May 20 (Bloomberg) — Palladium futures plunged, capping the biggest two-day slump in 12 years, on concern that demand will dwindle amid dimming prospects for the global economy. Platinum tumbled the most since December 2008.

Europe’s debt crisis and slowing growth in China may erode consumption of the metals used mostly for pollution-control devices in cars. Ford Motor Co.’s deliveries in main European markets fell 17 percent in April, the first drop in 11 months. In two days, palladium dropped 19 percent, the most since May 1998. Before this month, the price surged 36 percent in 2010.

“Prices had gotten extended way too high, and it left the metal particularly vulnerable to changes in the economic situation,” said Donald Selkin, the chief market strategist at National Securities Corp. in New York. “People are looking at the overall macro picture now and thinking things are not going to be as good as they had hoped.”

Palladium futures for June delivery fell $50.75, or 11 percent, to $408.95 an ounce on the New York Mercantile Exchange. Yesterday, the metal tumbled 9.3 percent on record aggregate volume of 14,684 contracts. As of 2:34 p.m., estimated volume was 11,439 contracts. The two-day price drop was the biggest since May 1998.

Platinum futures for July delivery dropped $109.90, or 6.8 percent, to $1,495.80 an ounce, the biggest drop for a most- active contract since Dec. 1, 2008. Earlier, the metal touched $1,490.30, the lowest level since Feb. 12. The price has tumbled 14 percent this month.

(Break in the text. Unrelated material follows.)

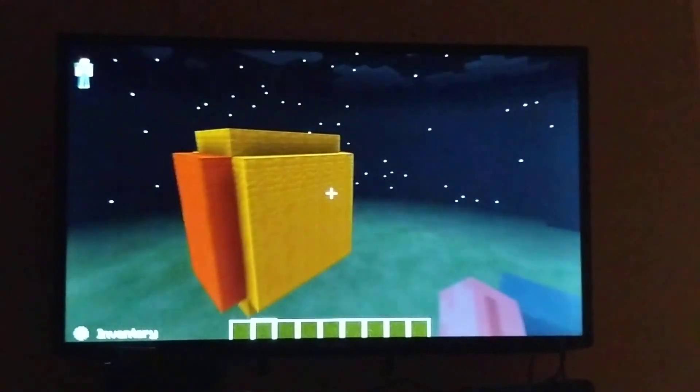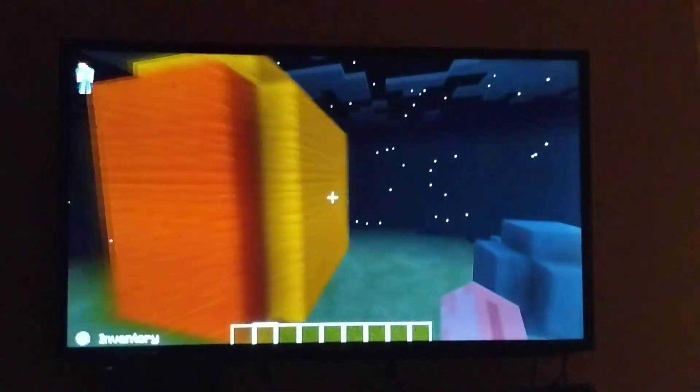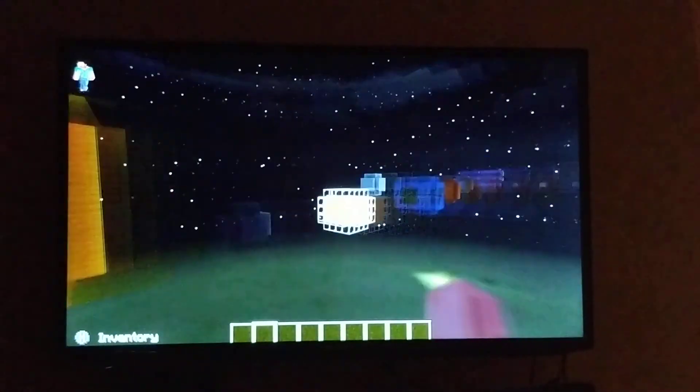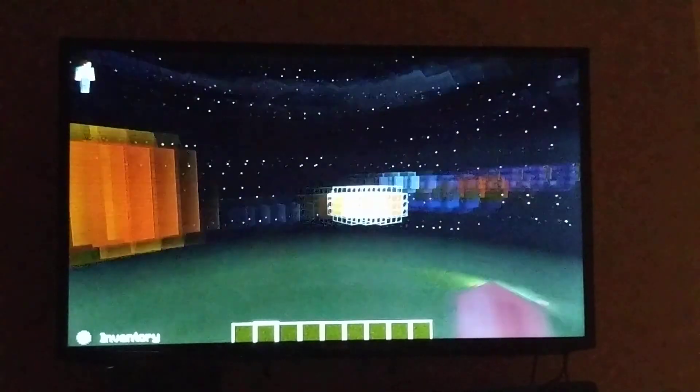Hey guys, today I built the solar system and I even included the dwarf planets.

Toshiyuki Shiga, the chairman of the Japan Automobile Manufacturers Association, said the European crisis has made him less optimistic about the global auto market than a month ago.

‘First Out’

On May 10, Peter Sorrentino, who helps manage $12.8 billion at Huntington Asset Advisors in Cincinnati, said palladium may fall to as low as $430 by September. The metal touched $406 today.

“People should make sure they’re the first out of the exit and not the last,” Sorrentino said.

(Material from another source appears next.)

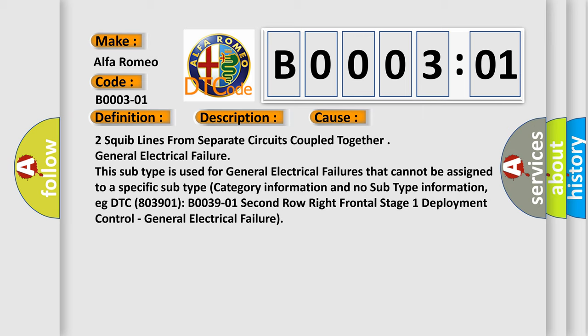Two squib lines from separate circuits coupled together, general electrical failure. This subtype is used for general electrical failures that cannot be assigned to a specific subtype category information and no subtype information.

Prices gained for 12 straight months through April. The introduction of an exchange-traded fund backed by the metal in January boosted demand, Selkin of National Securities said. An ETF for platinum was also launched in New York this year.

“There’s very high speculative interest” in the metals, said Walter de Wet, an analyst at Standard Bank Plc in London. “With risk as high as it has been, we expect to see some liquidation.”

–With assistance from Makiko Kitamura in Tokyo. Editors: Patrick McKiernan, Steve Stroth

To contact the reporters on this story: Millie Munshi in New York at mmunshi@bloomberg.net; Nicholas Larkin in London at nlarkin1@bloomberg.net

To contact the editor responsible for this story: Steve Stroth at sstroth@bloomberg.net.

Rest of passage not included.